Description: Convert an operation distributive law to class notation. (Contributed by Mario Carneiro, 30-Dec-2014)

Ref Expression
Hypotheses caovdirg.1 
|- ( ( ph /\ ( x e. S /\ y e. S /\ z e. K ) ) -> ( ( x F y ) G z ) = ( ( x G z ) H ( y G z ) ) )
caovdird.2 
|- ( ph -> A e. S )
caovdird.3 
|- ( ph -> B e. S )
caovdird.4 
|- ( ph -> C e. K )
Assertion caovdird 
|- ( ph -> ( ( A F B ) G C ) = ( ( A G C ) H ( B G C ) ) )

Proof

Step Hyp Ref Expression
1 caovdirg.1 
 |-  ( ( ph /\ ( x e. S /\ y e. S /\ z e.
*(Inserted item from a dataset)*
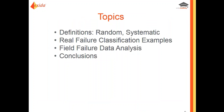Now let's concentrate on random and systematic failures. We're going to start with the definitions of random and systematic failures, look at some real field failure classification examples, look at field failure data analysis, and then discuss our key takeaways from this webinar.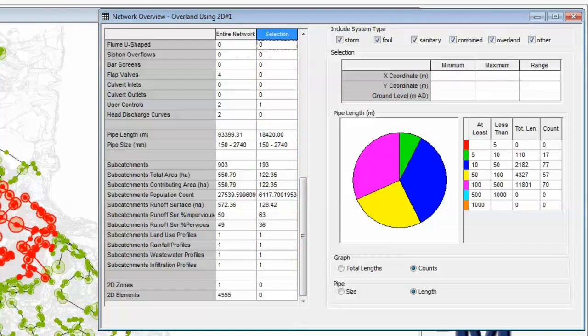That was a very brief overview of the network tool that we have in the software, which allows us to look at a breakdown of all the component parts within our overall model.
K ) ) -> ( ( x F y ) G z ) = ( ( x G z ) H ( y G z ) ) )
2 caovdird.2 
 |-  ( ph -> A e. S )
3 caovdird.3 
 |-  ( ph -> B e. S )
4 caovdird.4 
 |-  ( ph -> C e. K )
5 id 
 |-  ( ph -> ph )
6 1 caovdirg 
 |-  ( ( ph /\ ( A e. S /\ B e. S /\ C e. K ) ) -> ( ( A F B ) G C ) = ( ( A G C ) H ( B G C ) ) )
7 5 2 3 4 6 syl13anc 
 |-  ( ph -> ( ( A F B ) G C ) = ( ( A G C ) H ( B G C ) ) )